Ed pressed the commercial button.
Steve turned off the microphone, grabbed his stuff, and left the studio. He got in his car and sped to the local 24 hour diner.
. . .
Steve parked his car in the mostly-empty lot. He entered, seeing that his girlfriend, Rachel, and her brother, Max had already arrived.
“Hey, great show you put on tonight!” Steve kissed Rachel, then shook Max’s hand.
“Thanks. I hope we don’t get caught,” Max replied.
“We won’t if you keep quiet,” Steve smiled back at him, then sat.
“You think everyone fell for it?” Rachel asked.
“The police will probably investigate and ask me questions, but when they can’t find out anything else, they’ll drop it. As for Ed, I was doing so much acting in the studio he wouldn’t have had any idea.”

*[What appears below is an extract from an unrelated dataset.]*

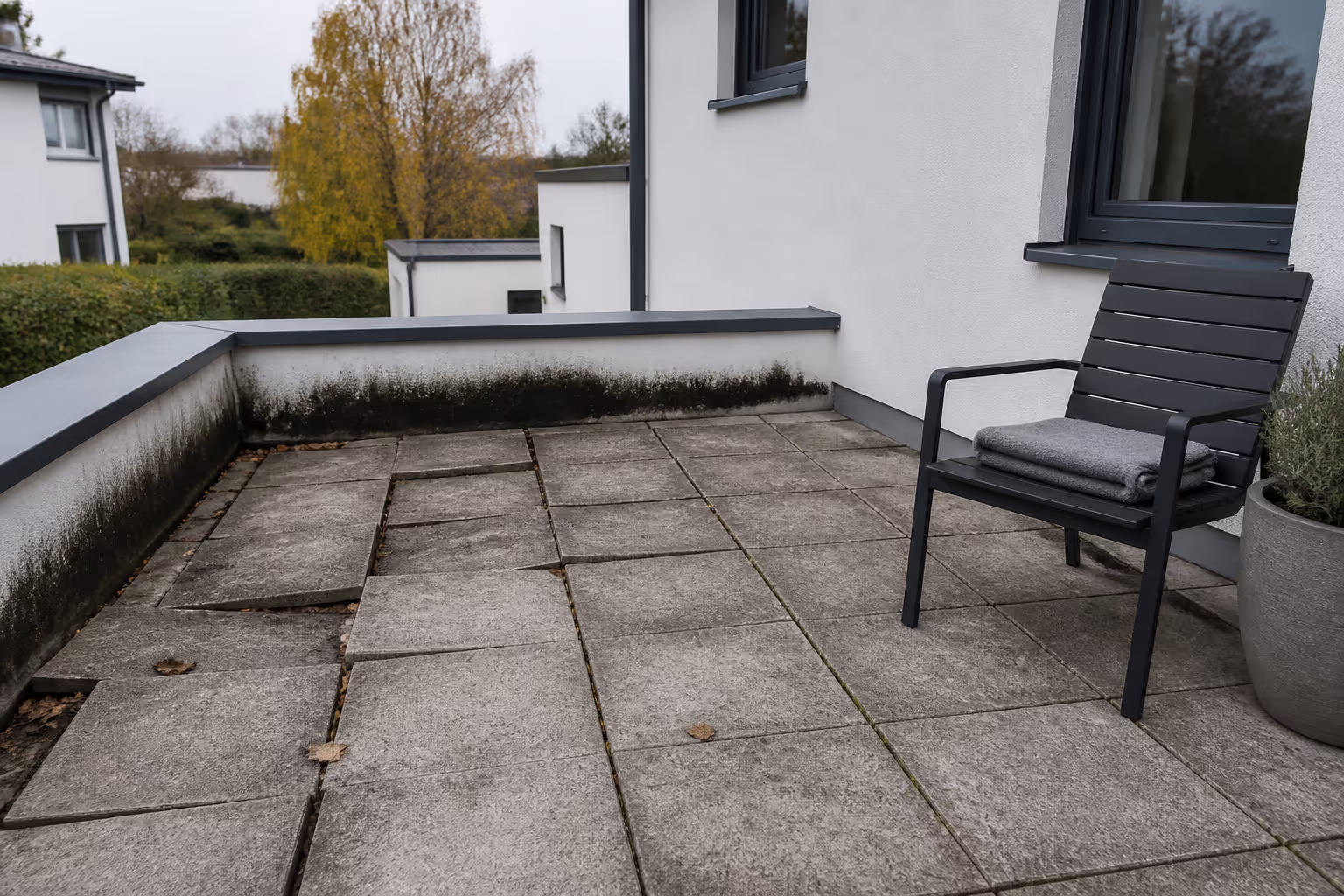 Vorher: Dachterrasse Feinsteinzeug, Garagendach Spandau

“Well, I hope this helps your ratings,” Max said.
“I’ll replay it on my show tomorrow. No one will recognize your voices because I have that harmonizer thing for the phone. It disguises everyone’s voice.”
A young man walked into the diner. Light reflected off the trails of tears which had streamed down his cheeks. His face was flush red. Steve took a prolonged glance at him.
“May I help you?” The waitress walked up to Steve’s booth.
Rachel and Max ordered.
“And for you?” the waitress asked.
Steve ordered his food, looking over at the young man. “One more thing. Get that boy over there whatever he wants… on me.”
“Okay,” the waitress smiled and walked back to the kitchen.